NYで暮らすイスラムの宗教家ハッジ・ギュムシュが過激派の首謀者としてFBIに捕えられ母国トルコに移送するためアチャールとフィラットの二人の刑事が派遣されます。ハッジは果たして真犯人なのでしょうか、実はフィラットとハッジには浅からぬ因縁があった・・、前半はアクション基調で飛ばしますが後半からはヒューマンドラマに一変します。
ハッジはイスラム教の指導者にもかかわらず妻マリアはクリスチャン、スーパーマーケットを経営するビジネスマンでもあり娘想いの良い父でもあります、聖俗や政教分離主義のトルコならではのイスラム感が漂います。

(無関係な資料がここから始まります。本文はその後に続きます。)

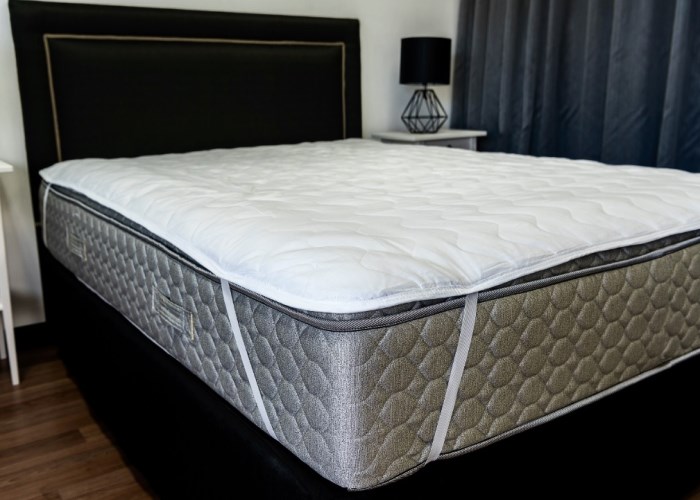 strapped cotton mattress protector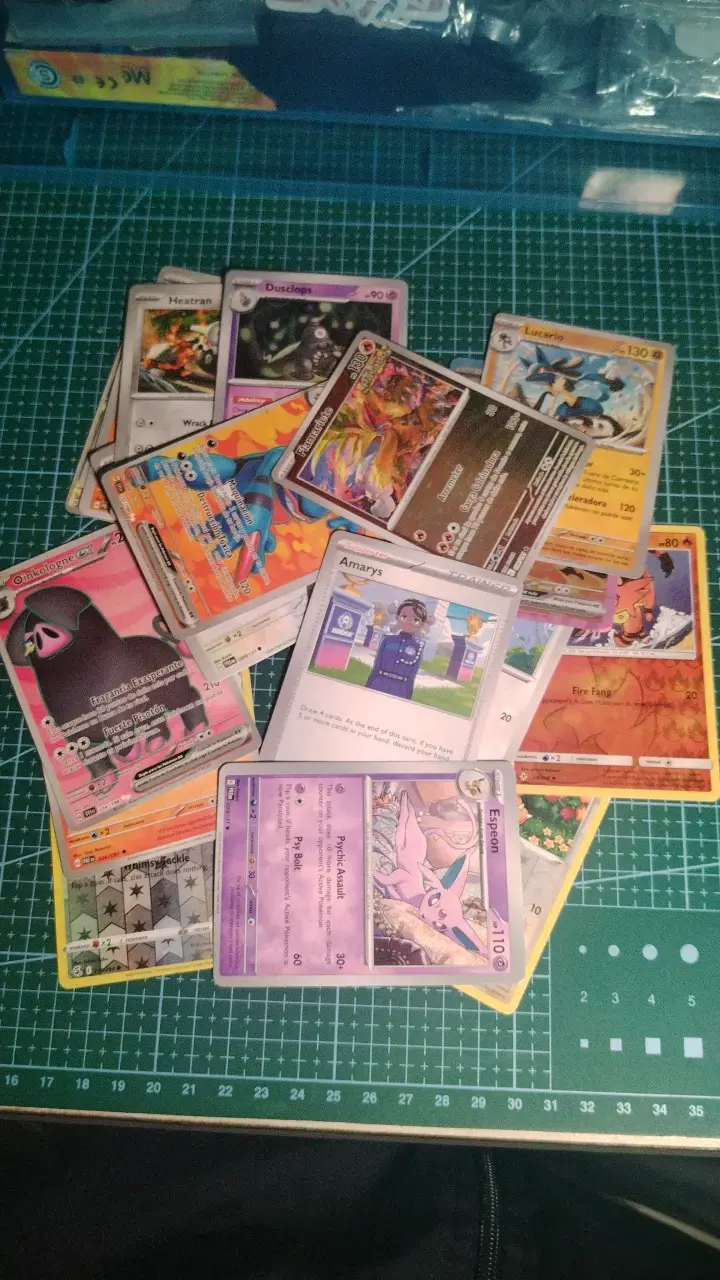 Lote de cartas Pokémon variadas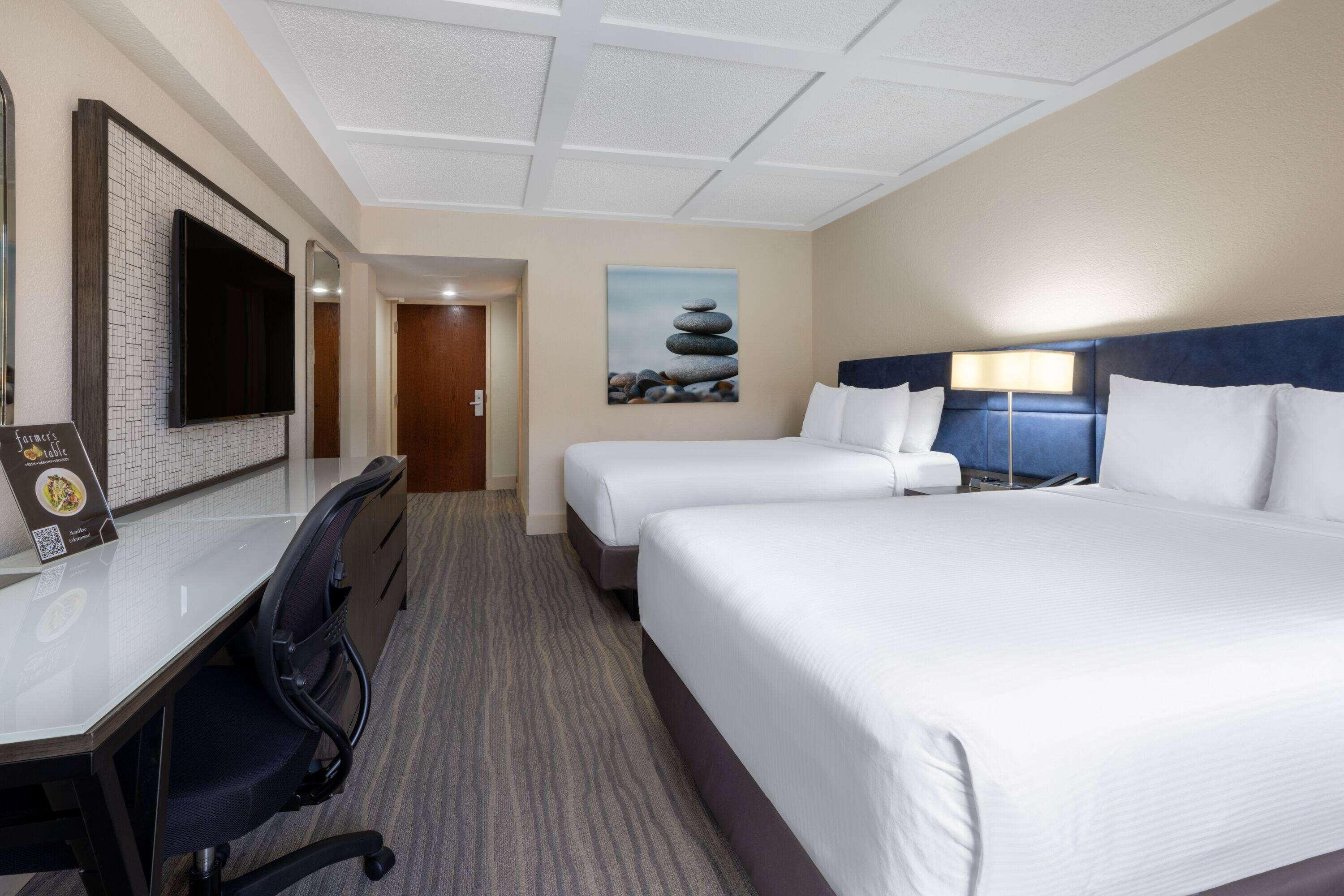 Room, Double Bed, Pool View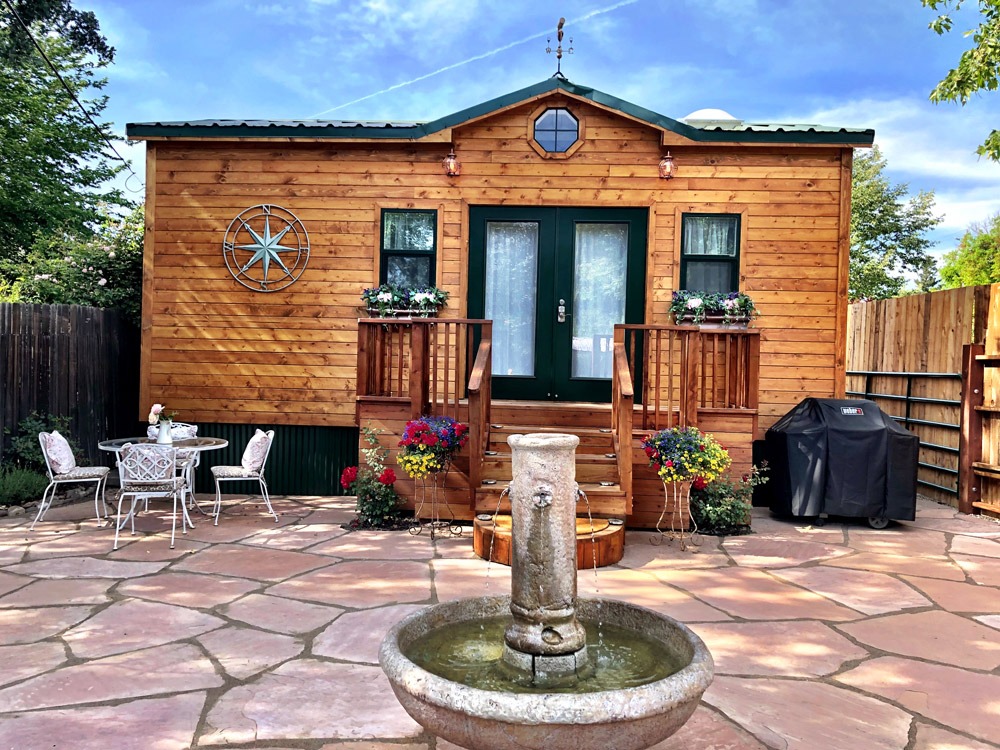 The Stumble Tiny House Vacation in Los Olivos California 01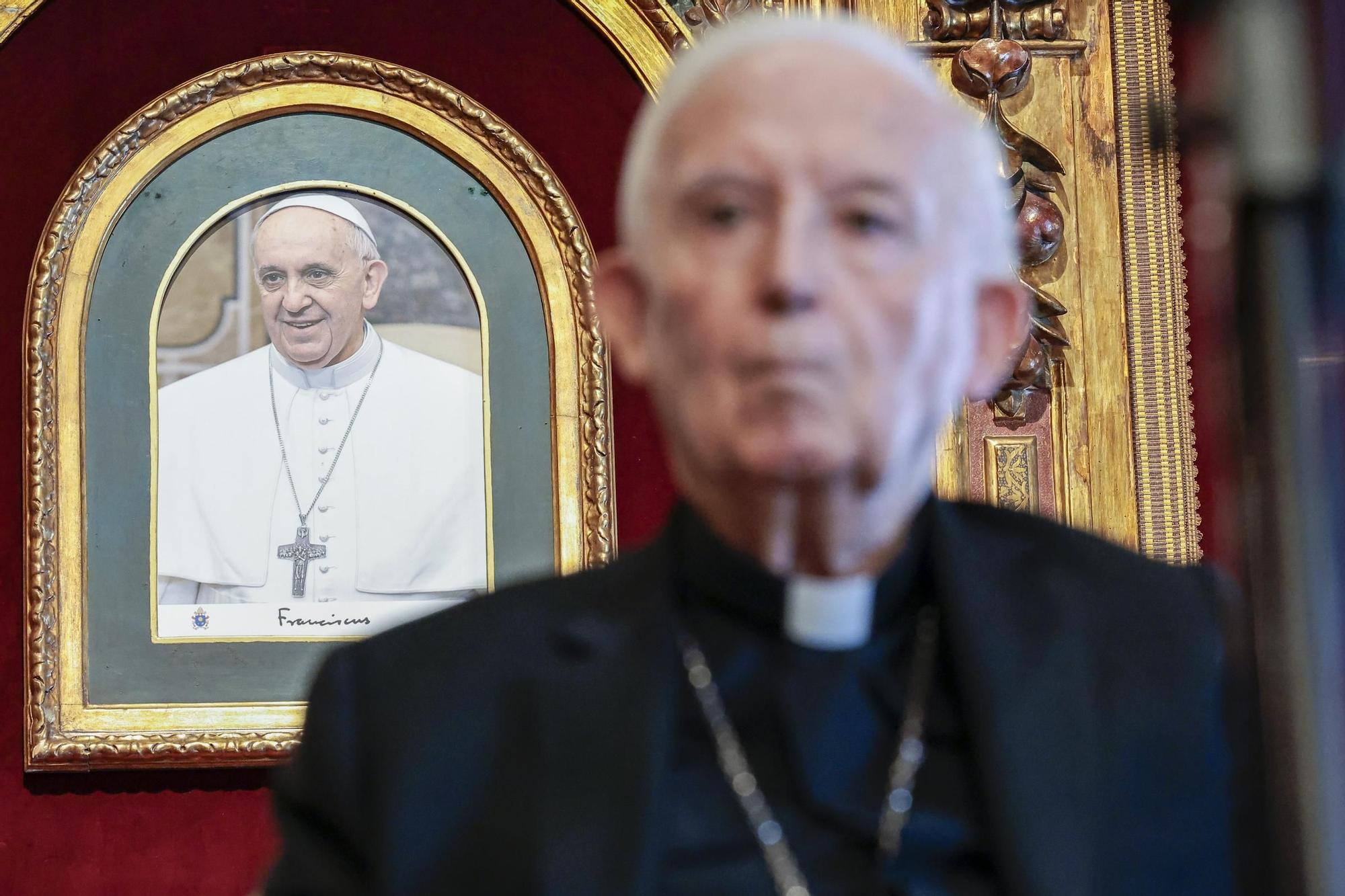 El cardenal Antonio Cañizares delante de una fotografía del papa Francisco, en una imagen de archivo.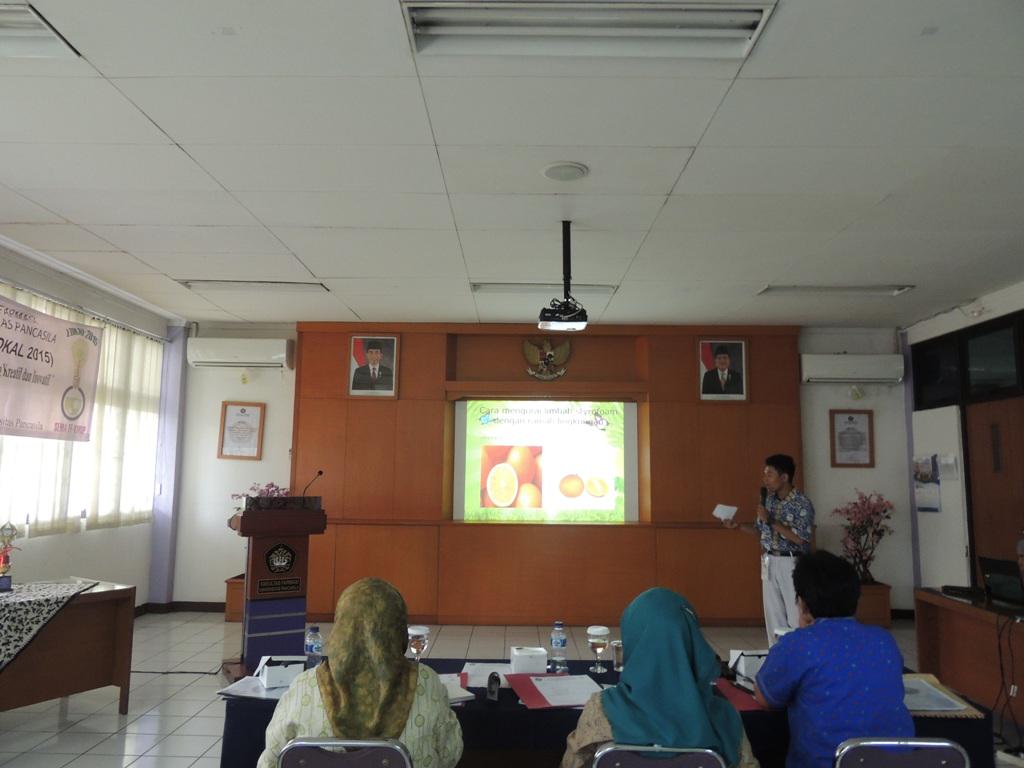 Kegiatan presentasi ketiga yang disampaikan oleh Adrian dari <a href="/SMAPKPJIS/">SMA PKP JIS</a> :D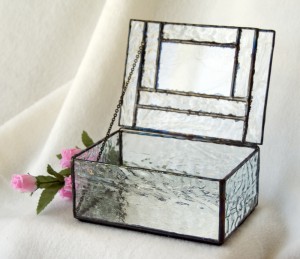 0713-GlassBox-open-1000px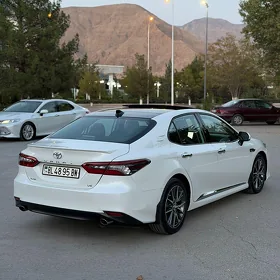 Toyota Camry 2023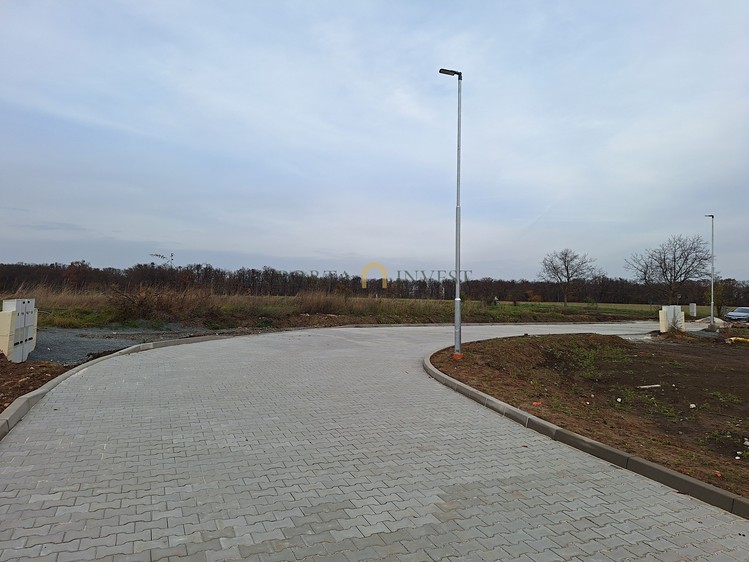 Prodej stavebního pozemku 10 466 m² - foto 3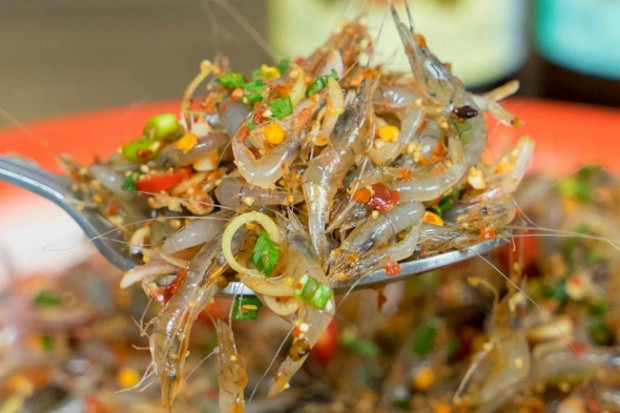 Món gong ten còn được biết đến với cái tên tép nhảy, có nguồn gốc từ vùng Đông Bắc của Thái Lan. Những con tép mới được đánh bắt, đang còn nhảy lao xao sẽ được rửa sạch rồi trộn thêm với ở, muối, hành lá, và nhiều gia vị khác. Thưởng thức goongteng thực sự là một thử thách với du khách.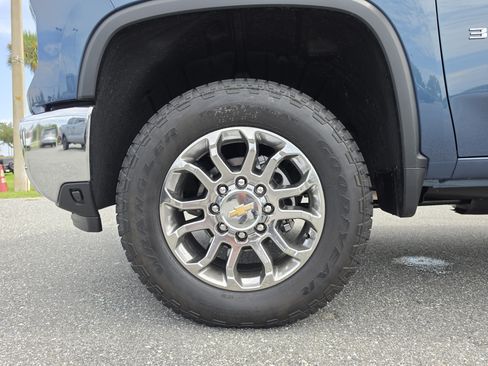 New 2026 Chevrolet Silverado 3500 LTZ w/ LTZ Premium Package AWD/4WD image 42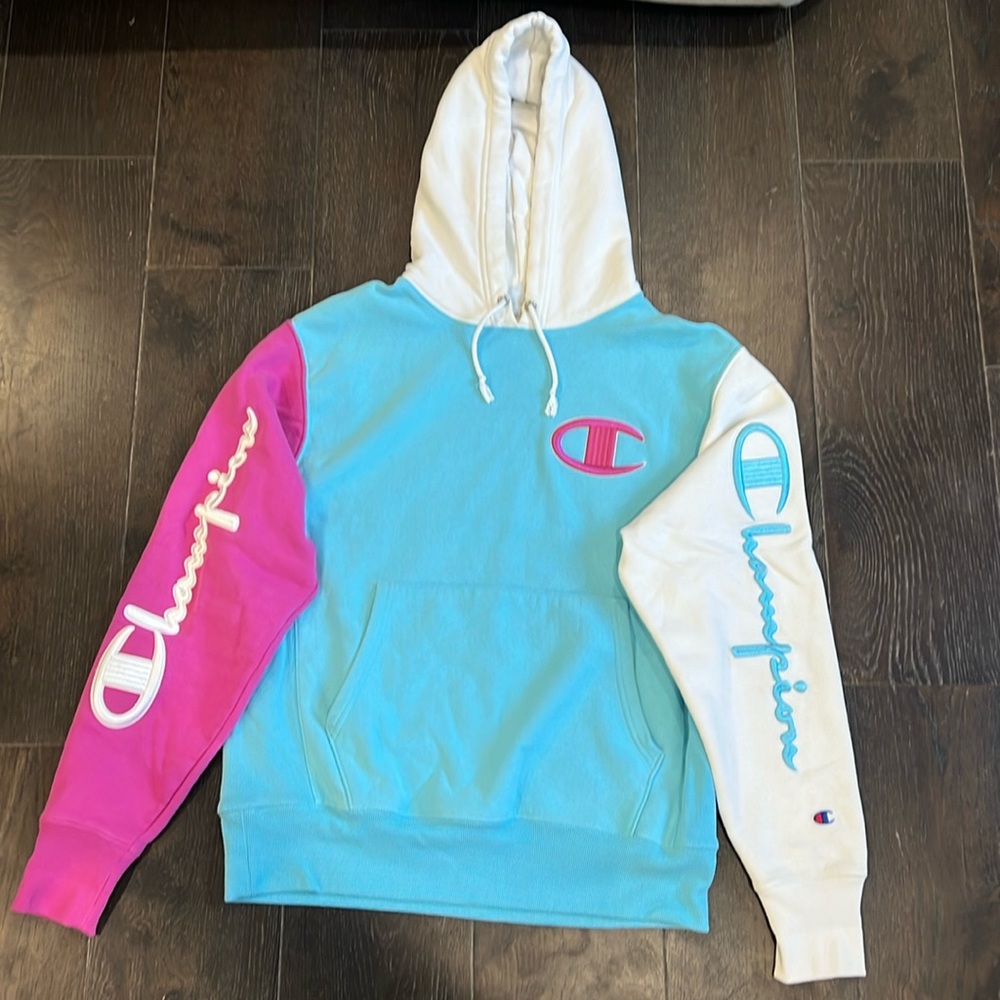 Champion vintage hoodie. Excellent condition. Mens. Size medium.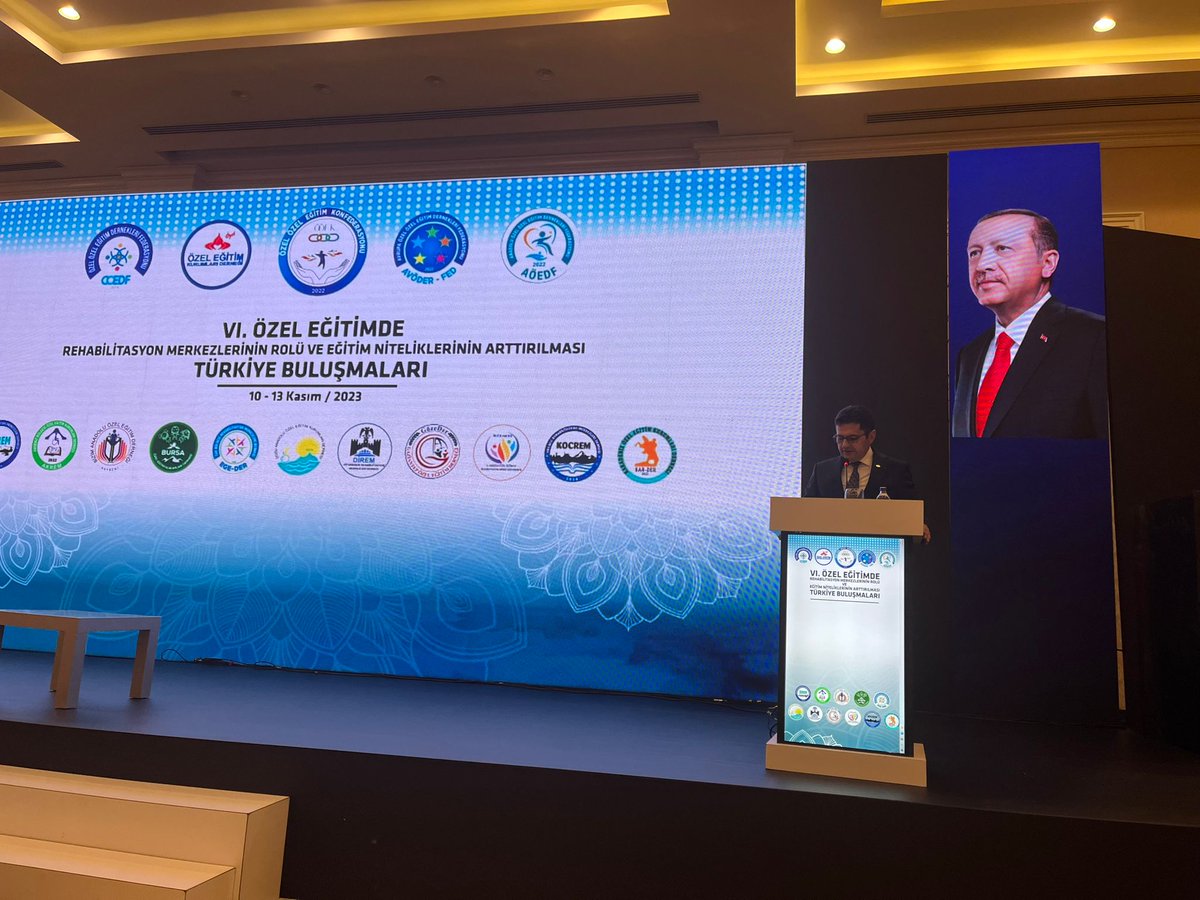 Antalya İl Milli Eğitim Müdürü Salih Kaygusuz   “6.Özel Eğitimde Rehabilitasyon Merkezlerinin Rolü ve Eğitim Niteliklerinin Arttırılması” konulu  “Türkiye Buluşmaları” programında selamlama konuşmalarını yapıyor.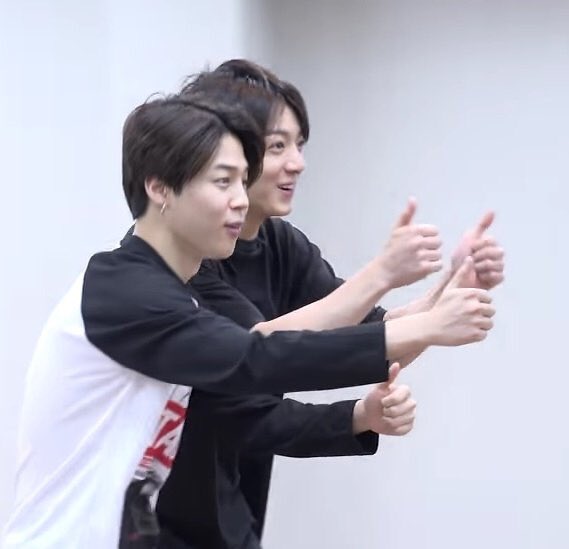 namjinStan_'s tweet photo. https://t.co/nL8WkEk688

「寛容な平和主義者のイスラム教徒もいるんですよ、教義がテロの根源ではありません」というメッセージを発信したいという製作者の思いは理解できますが邦題やポスターからしてアクション映画として誘導せざるを得ない映画興行の世知辛さもまた現実なのでしょう。たっぷりという程ではありませんが銃撃戦などは丁寧に撮っていますし遠景や群衆、祈祷のヘッドバンギングのシーンなど芸術性も高く決して安っぽいB級映画ではありません。監督・脚本・音楽のマフスン・クルムズギュルさんはフィラットも演じていました、製作に10年以上費やしたというから渾身の力作なのでしょう。
原題はクルドの民謡に掛けてNewYork'taBeşMinare(NYの五つの尖塔)」です。尖塔はモスクの象徴。